La mia prima parola è stata, presumibilmente, quella di tutti: un vagito. Dopo il quale, da una sillaba all’altra e da un gesto all’altro, capita che ogni bambino collaudi la realtà sulla sua stessa voce e notifichi la propria esistenza secondo l’universale idioma condiviso da tutti i piccoli d’uomo, a prescindere da differenziazioni di lingua o di appartenenza etnica e geografica? A proposito di questo, Lacan sosteneva addirittura come un vagito si ponga in sintonia con tutti i vagiti del mondo e faccia anzi “sistema” con essi: valutato in questa prospettiva, un vagito risulta costituire un segno di richiamo in quanto il suo effettivo o mancato verificarsi decide della presenza o dell’assenza di una madre.

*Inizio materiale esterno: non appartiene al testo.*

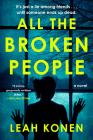 All the Broken People By Leah Konen Cover Image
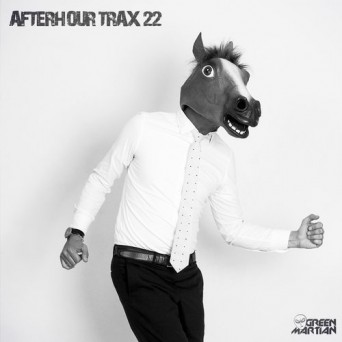 Green Martian: Afterhour Trax 22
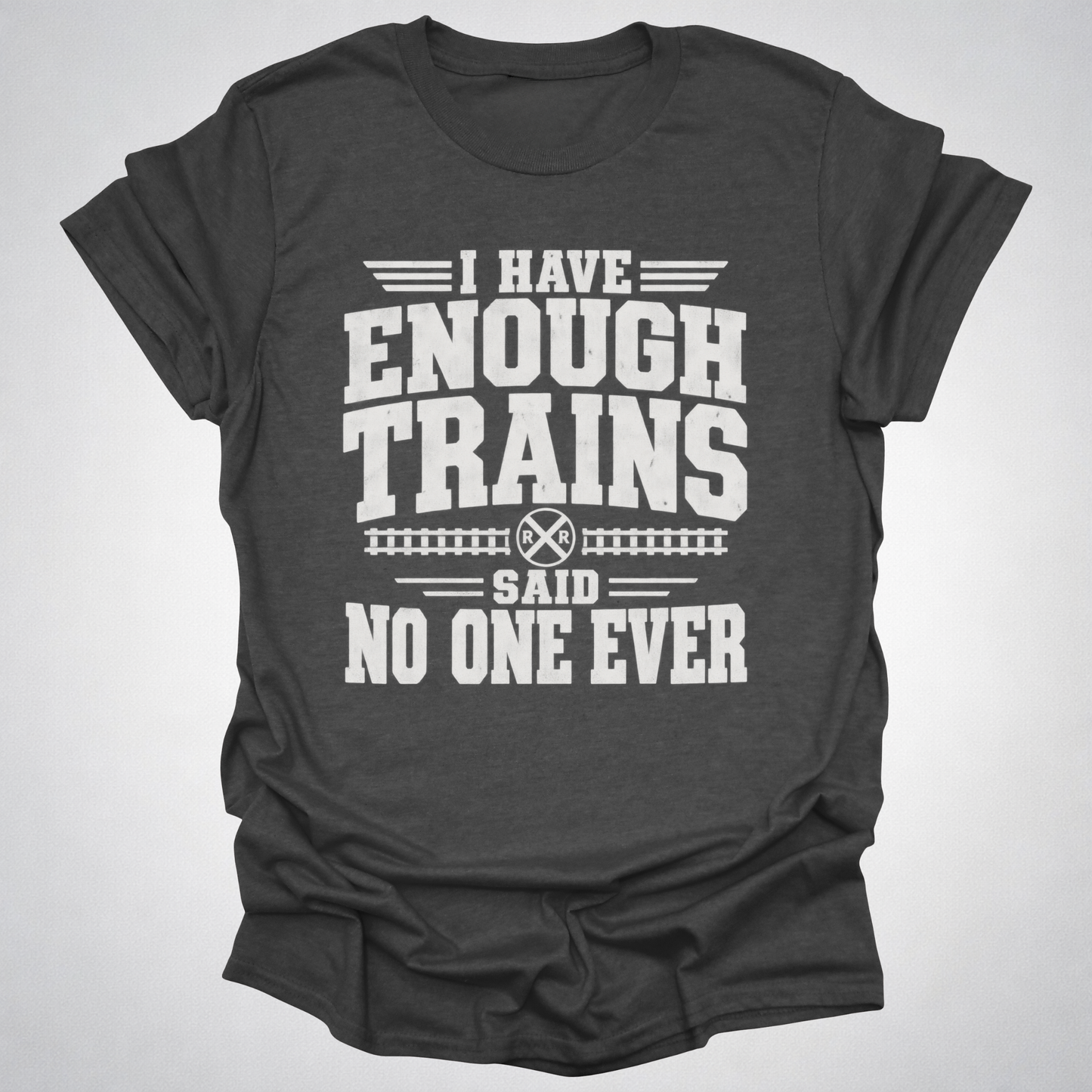 I Have Enough Trains Said No One Ever T-Shirt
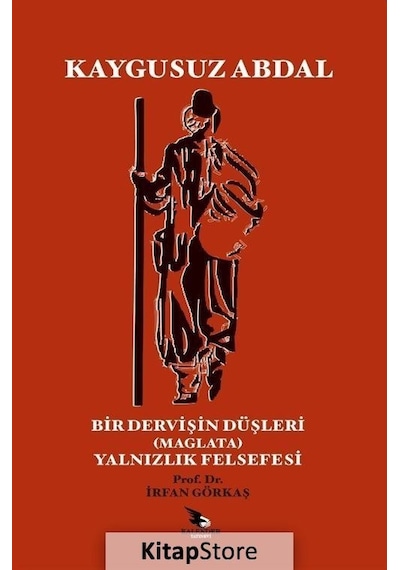 Kaygusuz Abdal - Bir Dervişin Düşleri (Maglata) - Yalnızlık Felsefesi - İrfan Görkaş - Kalender Yayınevi
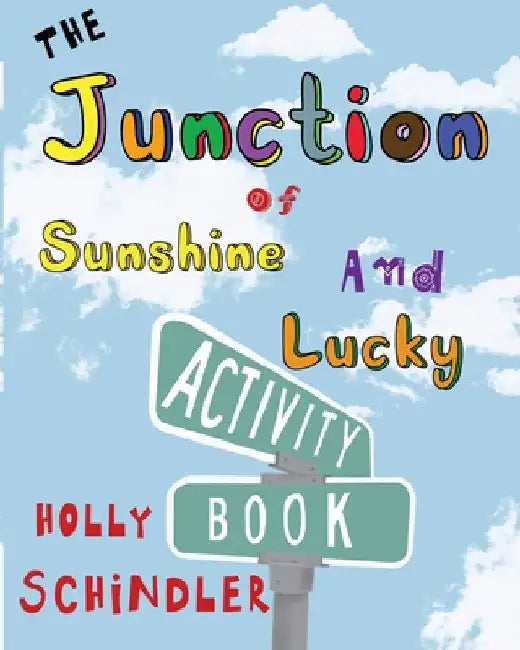 The Junction of Sunshine and Lucky Activity Book by Holly Schindler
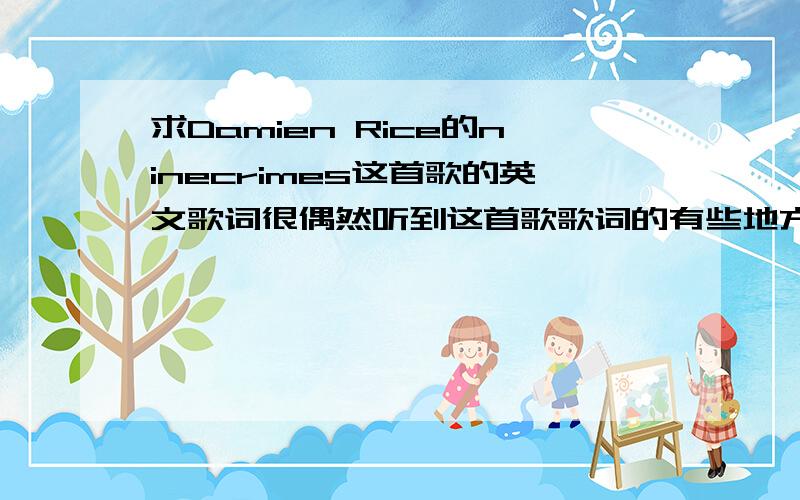 求Damien Rice的ninecrimes这首歌的英文歌词很偶然听到这首歌歌词的有些地方单词听不出来求助完整歌词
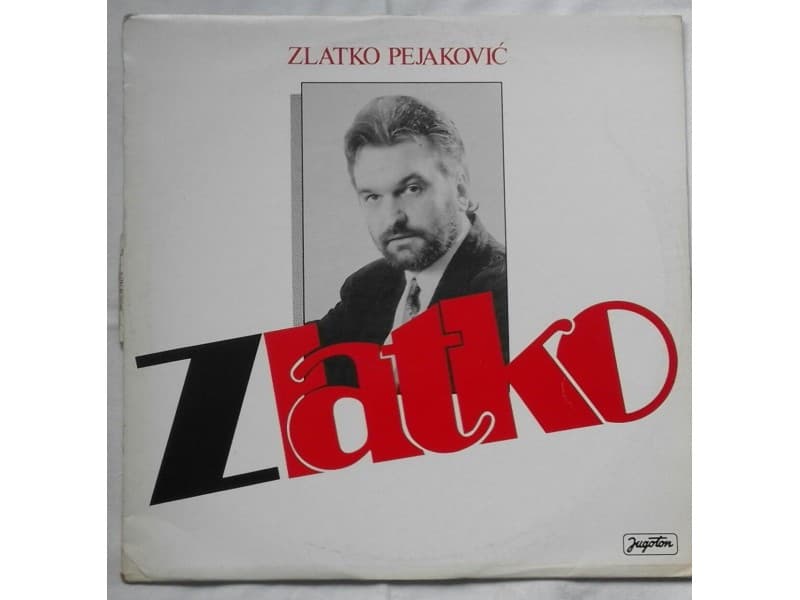 ZLATKO PEJAKOVIC — ZLATKO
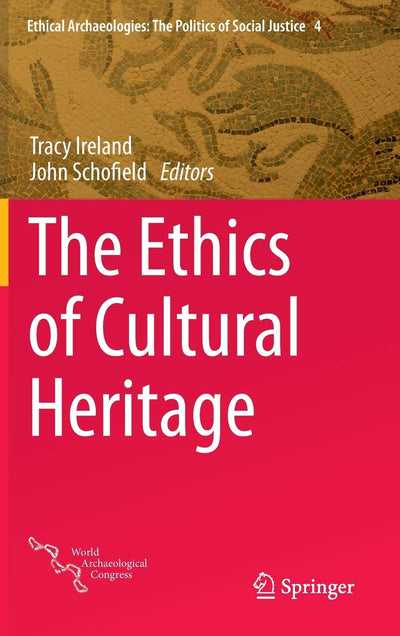The Ethics of Cultural Heritage (Ethical Archaeologies: The Politics of Social Justice, 4)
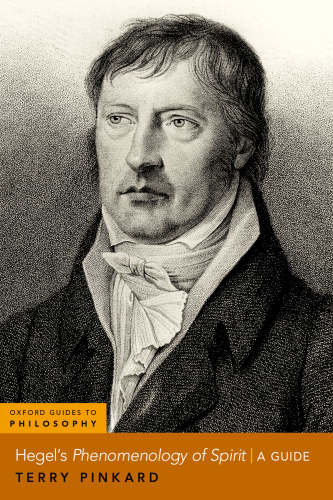 Hegel's Phenomenology of Spirit A Guide (Oxford Guides to Philosophy)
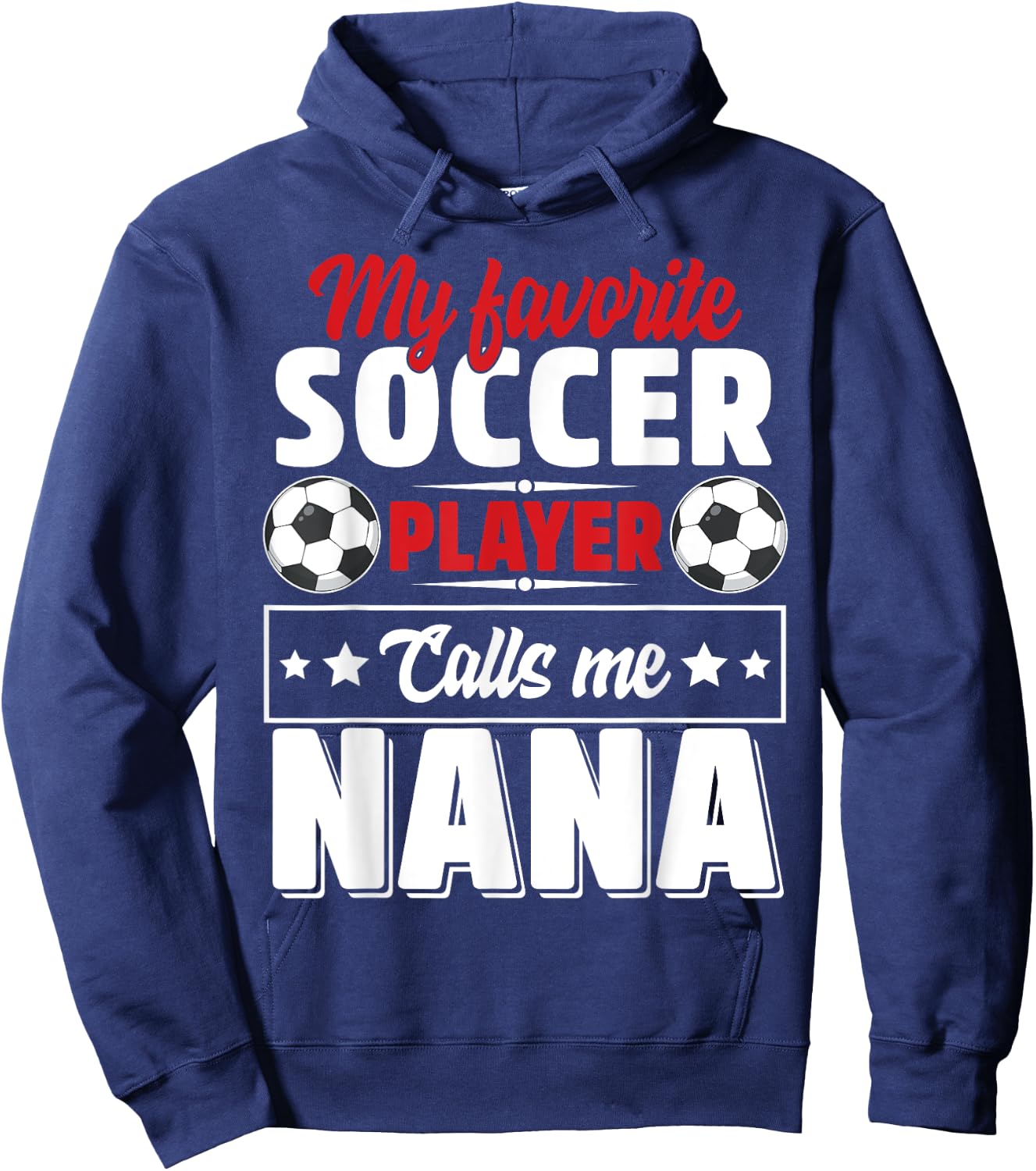 My Favorite Soccer Player Calls Me Nana Mothers Day Cute Hoodie - Hoodie | Navy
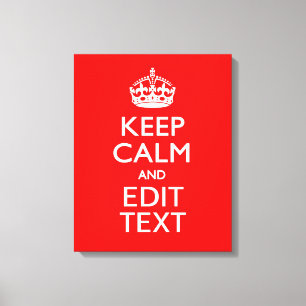 Klassieke Keep Calm and Jouw tekst Red Canvas Afdruk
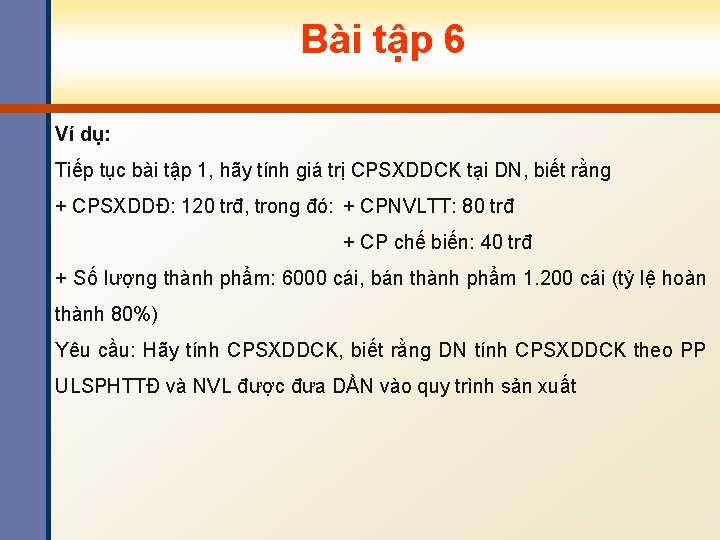 Bài tập 6 Ví dụ: Tiếp tục bài tập 1, hãy tính giá trị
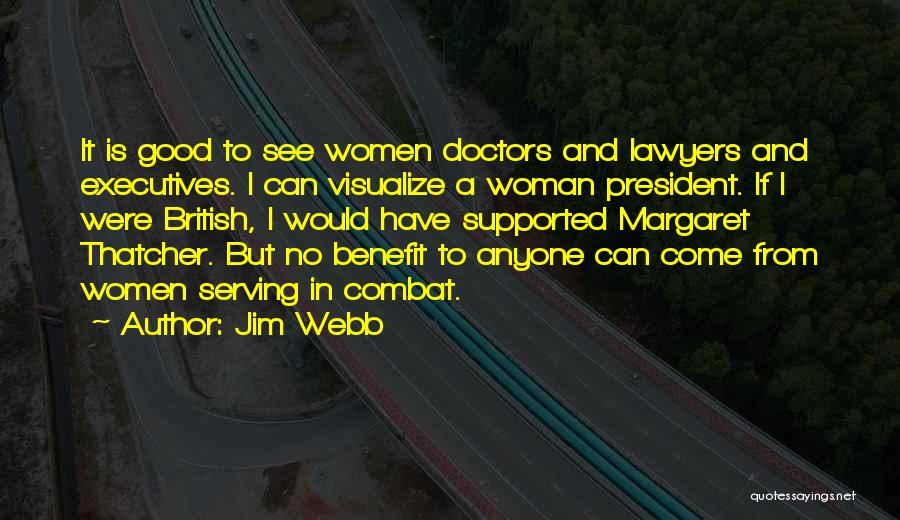 Jim Webb Quotes: It Is Good To See Women Doctors And Lawyers And Executives. I Can Visualize A Woman President. If I Were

È un appello articolato nel medesimo modo da tutti i cuccioli umani del pianeta, ciò che almeno in questo ci affratella, e che esprime il “piacere” che l’essere ha di essere, nel momento in cui si apre alla vita: una sorta di “piacere del principio” che sta al di qua del “principio di piacere” di freudiana memoria.
Ed è esattamente da qui – dall’albuminosa atmosfera fatta di voci, di nenie cantilenanti di madri e balie, di ipnotiche alternanze di armonie, ritmi e suoni del mio “nido” nella Cal Santa a Pieve di Soligo – che ha preso forma in me la più remota, e certo rarefatta e inconsapevole, idea di poesia di cui conservi ricordo?